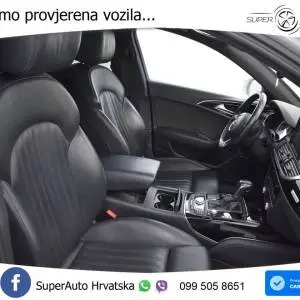 Audi A6 Avant 3.0 TDI Aut. S line 272 KS, ACC+LED+4xGR SJED+KAM+PANO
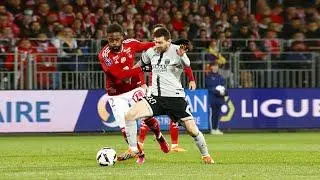 Messi - Stade Brestois 29 VS Paris Saint-Germain FC - 2023-03-11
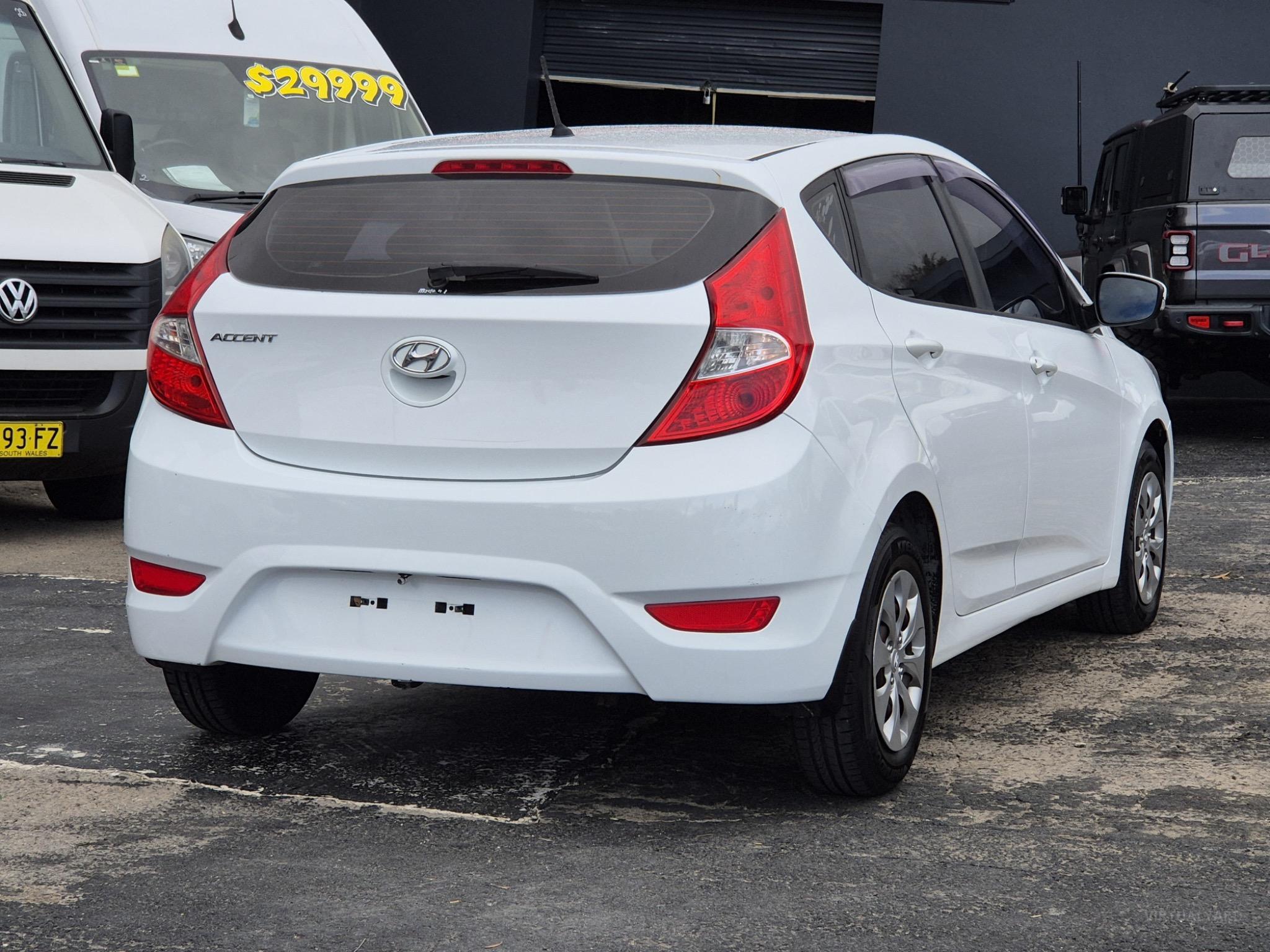 Hyundai Accent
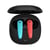 Ecouteurs Bluetooth Sans Fil ANC Réduction De Bruit Ergonomiques Blancs Bleu YONIS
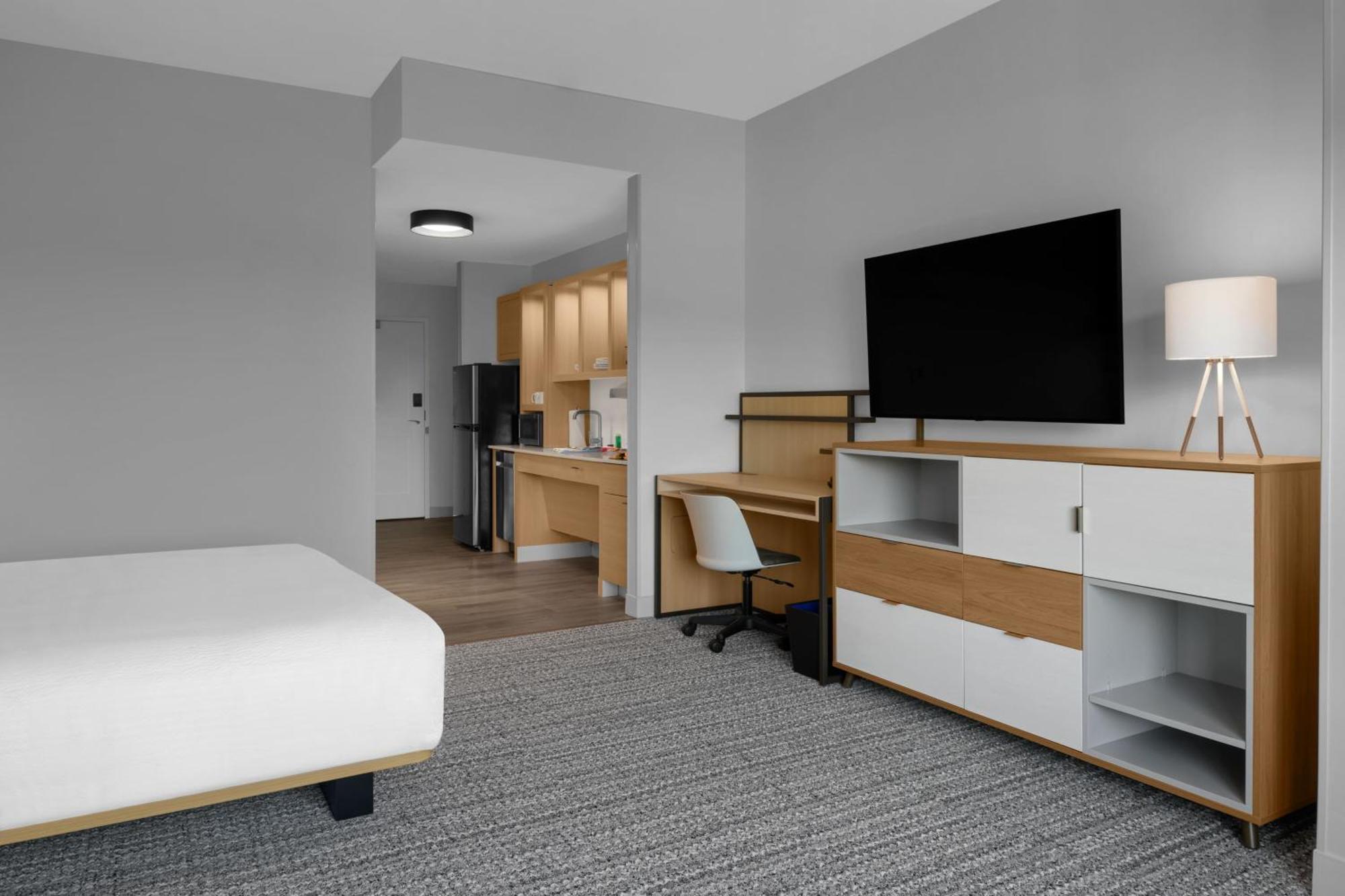 Towneplace Suites By Marriott Coeur D'Alene Bagian luar foto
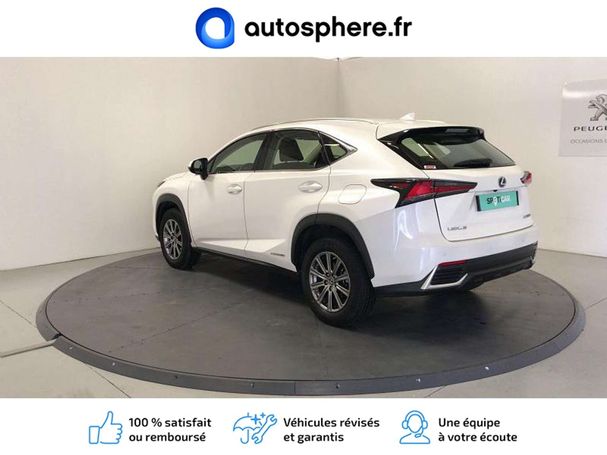 Lexus NX 300 116 kW image number 7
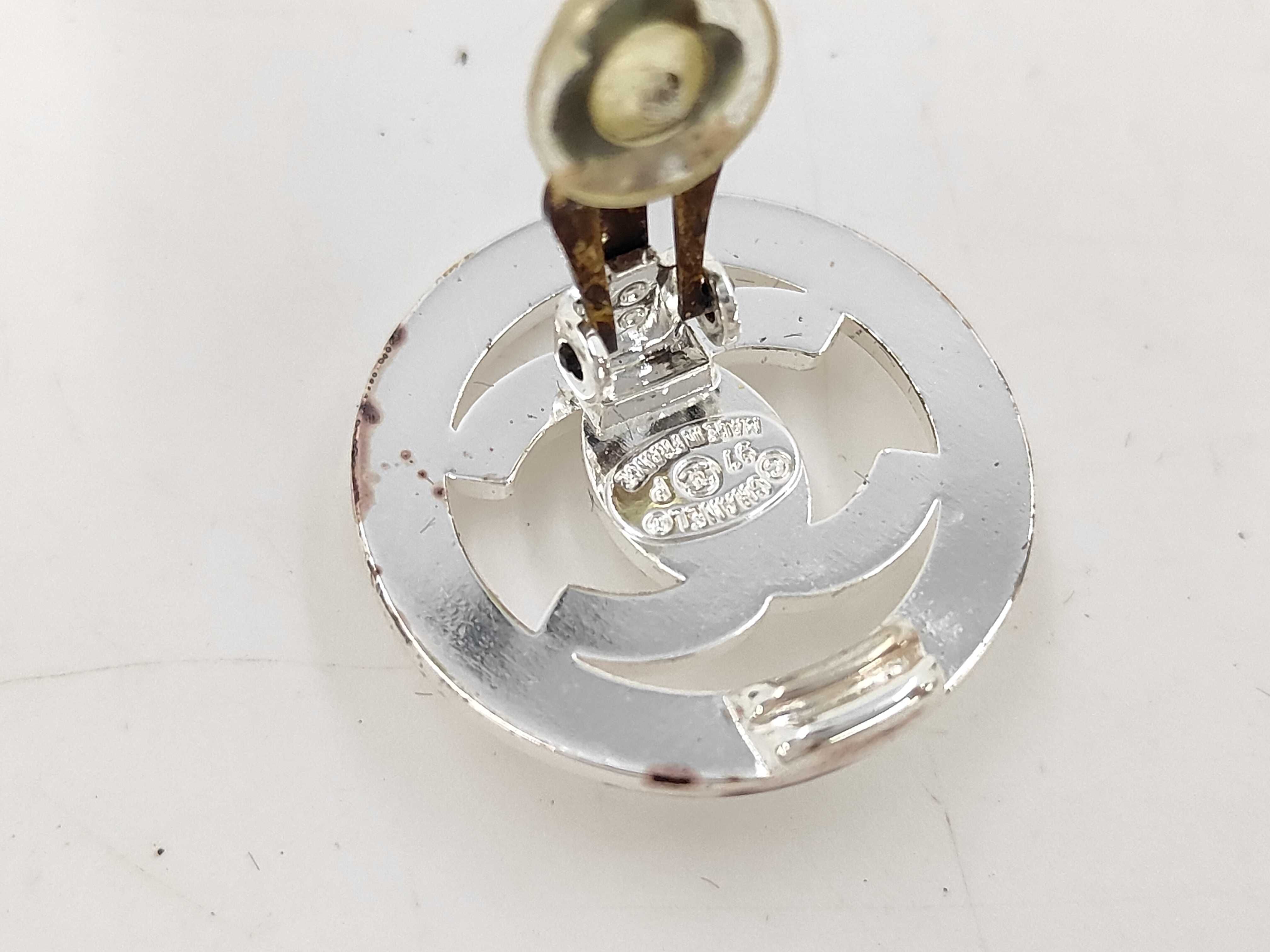 Coco Mark Earrings — view 5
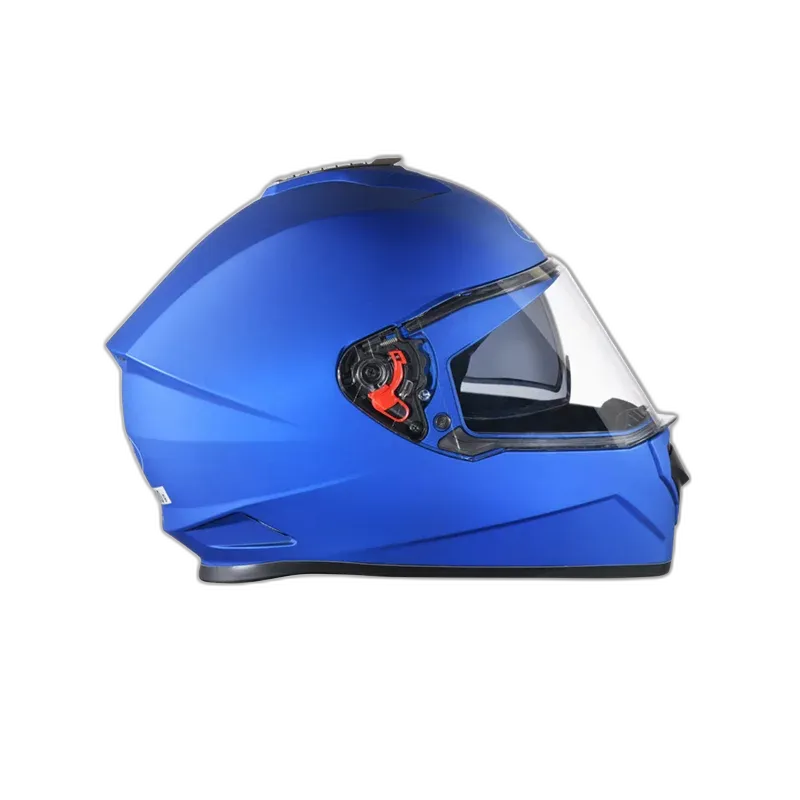 STUDDS Drifter Matt Blue Full Face Helmet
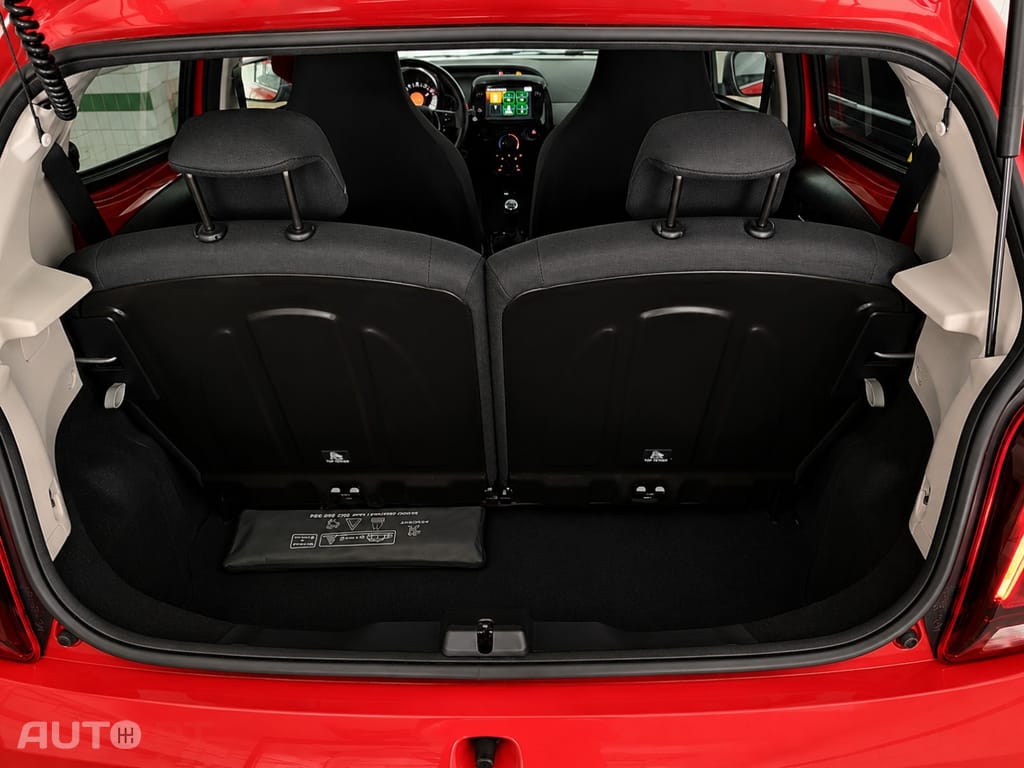 Peugeot 108 1.0 VTi Allure
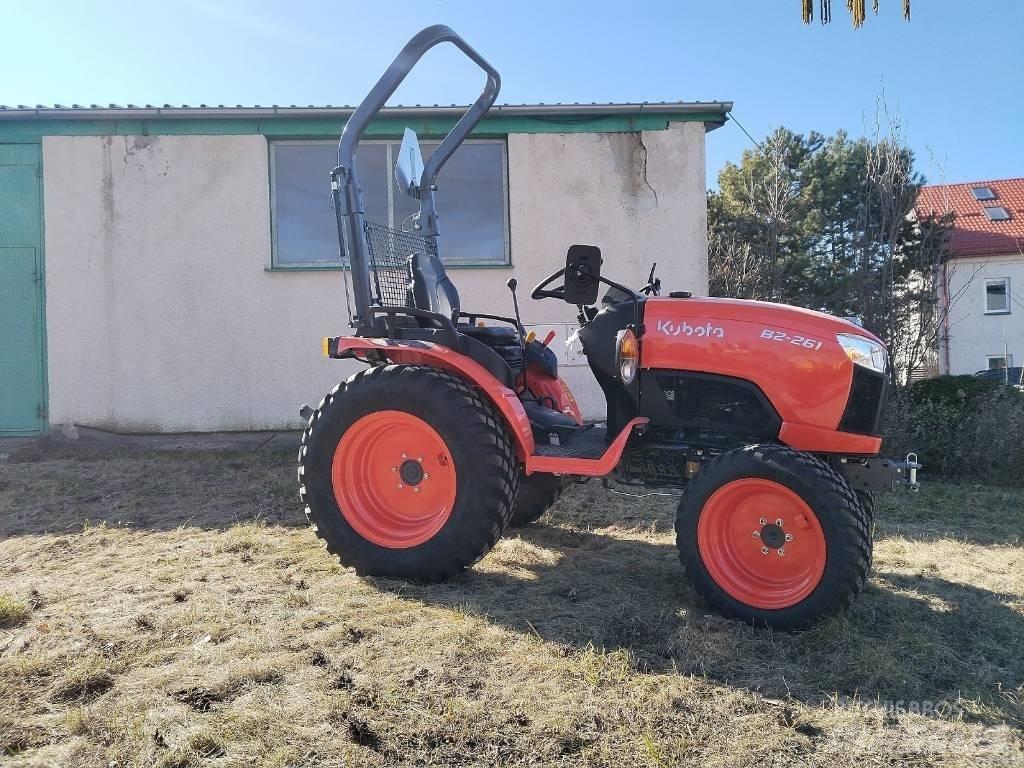 Kubota B2261 H Rops コンパクトトラクター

WHAT NEEDS TO BE DONE
The lines wanted run from the line containing "Peugeot 108 1.0 VTi Allure" through the end of the entries; return them exactly, both ends included, and keep pictures out.

EXERCISE SOLUTION
 Peugeot 108 1.0 VTi Allure
 Kubota B2261 H Rops コンパクトトラクター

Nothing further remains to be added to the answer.